The quality of the tiny Phi-2 model from Microsoft is promising and shows a clear example of how good input results in good output, as they mostly used data from textbooks to train their model. We’ll definitely see exciting things happening in 2024!
Mistral - a French Start-up Making Waves
I’d like to pick out one example, the company making the biggest waves in the world of open source LLM’s right now is Mistral. Their small, 7B model is punching well above its weight, beating much larger models in different types of performance. While it absolutely stands out, the French start-up has made an even more impressive model.
Its the first of its kind to be released open-source, called Mixtral 8x7B. It is what is called a “MoE” model, which stands for Mixture of Experts. Think of it as 8 smaller models, and one router that picks which of the smaller models will provide the best result. Although we never got confirmation, it is rumoured that GPT-4 is set up the same way but with much larger models.
In short, it runs at the speed of a much smaller model, while providing the performance/quality of a larger one.
This model is still quite big, you need a strong computer to run it. Think of a really good, modern gaming PC with a high-end graphics card (RTX 4070 or better).
Now that it has been shared with the people, they can get to experiment with it, try and figure out how this model can be quantized (made smaller at the cost of some quality, so it can be ran with less memory), finetuned, prompted, what works and what doesn’t.
Above is a great visualization based on the ELO rating of chatbots over time.
The ELO is determined in the Chatbot arena - simply put, you can chat with two models at the same time (picked at random) and you can decide what response you like best to determine the winner. Due to all kinds of problems with LLM benchmarks, this is one of the fairest comparisons we have.
GPT-4 has clearly been king for the whole year, but it’s great to see the Open Source Llama 2 and Mistral models move up the leaderboards, competing with Big Tech and Silicon Valley.
Looking Forward
Mistral and other players are not just participating; they're leading the charge, making AI more personal, responsible, and accessible than ever before. Giving us alternatives and freeing us from relying solely on Big Tech. Scalable, personal, and most importantly, private AI won’t be stopped. The rapid progress is not just encouraging; it's exhilarating, and it doesn't seem to be slowing down anytime soon.
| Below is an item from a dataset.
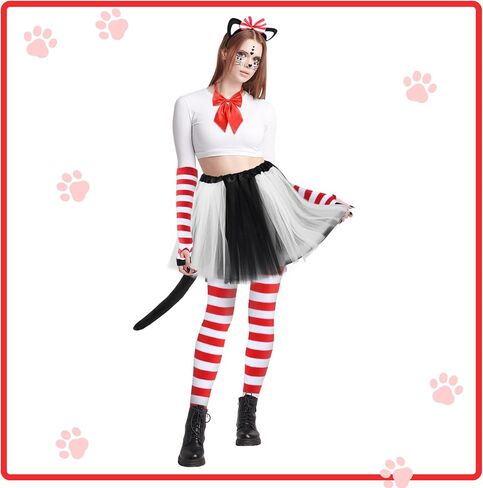Matiniy 5 PCS Cat Costume Set Include Cat Headband Bow Tail Gloves Knee Socks Tie for Women Girls Halloween Cosplay in Saudi Arabia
Multimodality is part of this shift, changing how we interact with our technology on a fundamental level. Being able to handle complex tasks directly on our devices, without sending data back and forth to centralized servers, offers a more optimistic future.
The best is indeed yet to come, and the excitement is palpable. As we look forward to these developments, let's keep in mind the broader picture. The future of AI is about more than just technological breakthroughs; it's about making sure these advances benefit everyone. It's about steering this powerful tool so that it enriches our lives, respects our privacy, and remains under our control.
Let's move into this future with a sense of responsibility and anticipation. The potential is limitless, and as a community, we have the opportunity to shape it wisely.